• **Source data**:

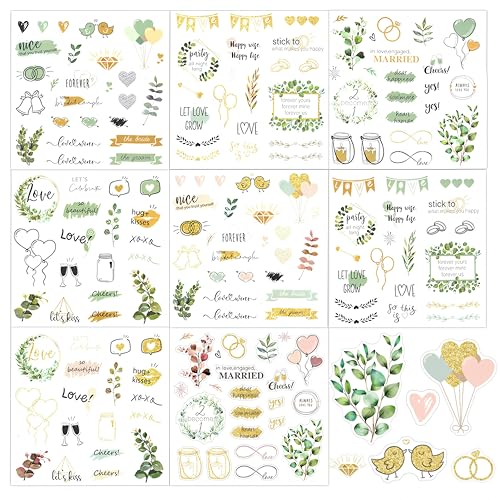 Glamifyr 8 Stk Sticker Hochzeit Gästebuch(160+ Motive),Aufkleber Hochzeit Deko Hochzeit Sticker Aufkleber Gästebuch Hochzeit,Hochzeitssticker Wedding Decoration Sticker Fotoalbum Sticker Liebe von Glamifyr
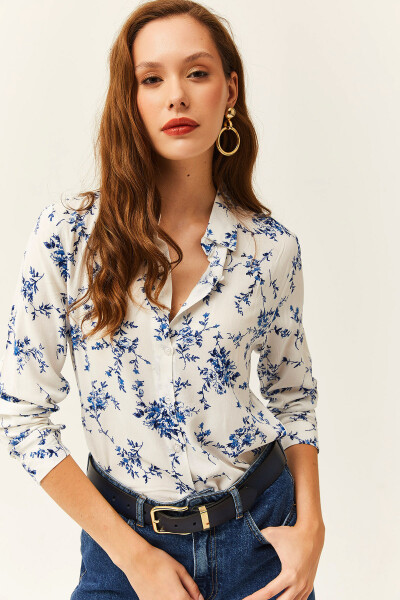 Women's White Blue Floral Printed Woven Viscose Shirt GML-19001162 - 1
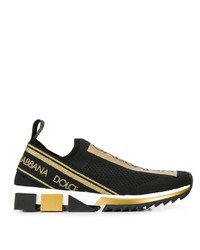 Black and Gold Athletic Shoes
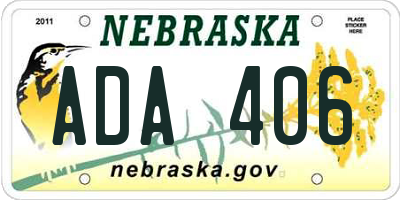 NE license plate ADA406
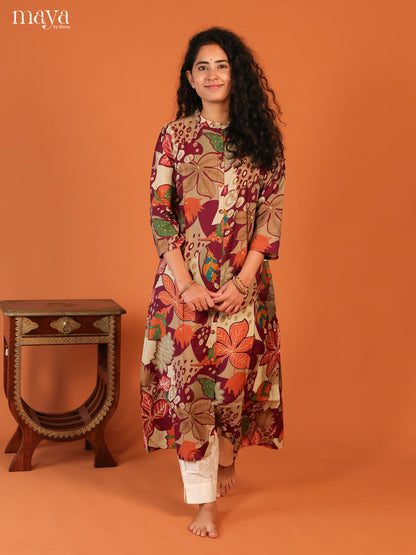 Floral Printed Maroon Rayon Kurti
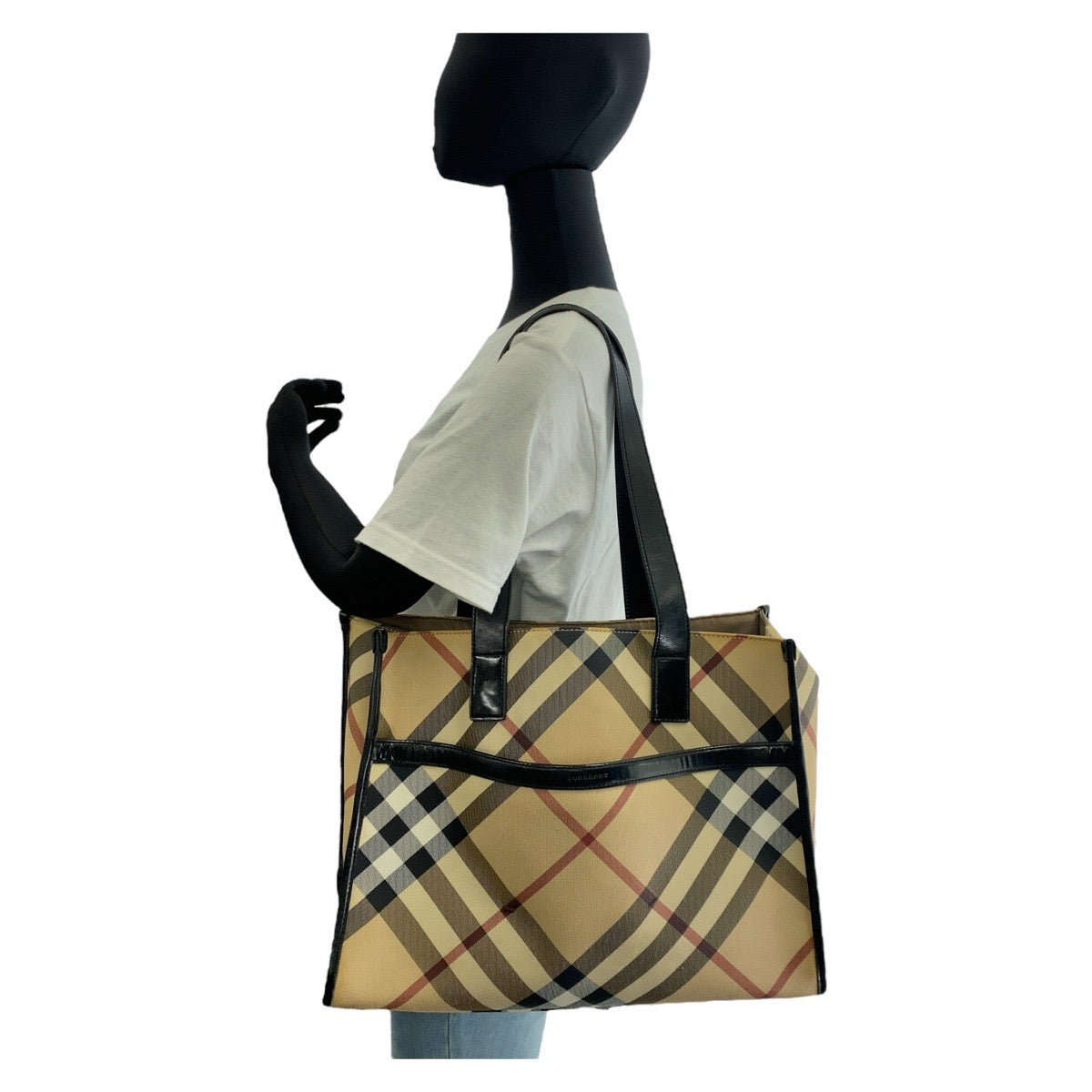 14198
BURBERRY バーバリー チェック柄 ベージュ ブラック 黒 PVC / レザー トートバッグ ショルダーバッグ  レディース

• **Task requirements**:
Transcribe exactly the span of lines from the line holding "Floral Printed Maroon Rayon Kurti" through the last line above, both included. Pictures stay out.

• **Response for this exercise**:
 Floral Printed Maroon Rayon Kurti
 14198
BURBERRY バーバリー チェック柄 ベージュ ブラック 黒 PVC / レザー トートバッグ ショルダーバッグ  レディース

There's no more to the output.